-------- Data extract --------
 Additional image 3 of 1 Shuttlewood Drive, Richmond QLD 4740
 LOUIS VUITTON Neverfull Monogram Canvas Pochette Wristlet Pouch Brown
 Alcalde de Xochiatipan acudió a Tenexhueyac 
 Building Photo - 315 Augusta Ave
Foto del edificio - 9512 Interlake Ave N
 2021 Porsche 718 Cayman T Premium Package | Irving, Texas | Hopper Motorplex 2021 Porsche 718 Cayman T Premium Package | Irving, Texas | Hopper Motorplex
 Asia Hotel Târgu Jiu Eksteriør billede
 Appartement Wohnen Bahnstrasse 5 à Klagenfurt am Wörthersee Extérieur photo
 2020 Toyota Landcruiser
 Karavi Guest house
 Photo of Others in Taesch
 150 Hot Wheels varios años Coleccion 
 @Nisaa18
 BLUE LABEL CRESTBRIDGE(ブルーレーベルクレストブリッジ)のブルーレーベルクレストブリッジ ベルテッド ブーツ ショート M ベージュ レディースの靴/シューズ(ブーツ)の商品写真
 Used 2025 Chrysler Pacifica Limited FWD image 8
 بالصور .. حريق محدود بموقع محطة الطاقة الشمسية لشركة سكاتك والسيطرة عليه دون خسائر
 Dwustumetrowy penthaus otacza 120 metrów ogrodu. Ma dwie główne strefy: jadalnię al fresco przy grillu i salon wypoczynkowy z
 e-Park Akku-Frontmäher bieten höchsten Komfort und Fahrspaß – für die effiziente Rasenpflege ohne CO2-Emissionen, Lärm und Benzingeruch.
--------
**Exercise requirements**: Lines of the listing above that include the string "image" should each be copied.

**Finished exercise**:
 Additional image 3 of 1 Shuttlewood Drive, Richmond QLD 4740
 Used 2025 Chrysler Pacifica Limited FWD image 8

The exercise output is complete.